_Assignment_
Please take the lines from the one holding "MONOFLEX Samsung Galaxy" through the one holding "Ilustração óssea entre" in the data below and copy them exactly.

_Data provided_

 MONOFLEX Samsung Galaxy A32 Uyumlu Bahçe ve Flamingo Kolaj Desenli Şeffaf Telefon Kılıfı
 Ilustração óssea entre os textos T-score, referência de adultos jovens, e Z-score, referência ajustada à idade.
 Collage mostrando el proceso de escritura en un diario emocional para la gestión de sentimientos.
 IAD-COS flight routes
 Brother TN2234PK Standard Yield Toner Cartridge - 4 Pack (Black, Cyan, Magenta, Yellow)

==

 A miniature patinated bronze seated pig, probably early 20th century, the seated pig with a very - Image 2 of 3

_Your solution_
 MONOFLEX Samsung Galaxy A32 Uyumlu Bahçe ve Flamingo Kolaj Desenli Şeffaf Telefon Kılıfı
 Ilustração óssea entre os textos T-score, referência de adultos jovens, e Z-score, referência ajustada à idade.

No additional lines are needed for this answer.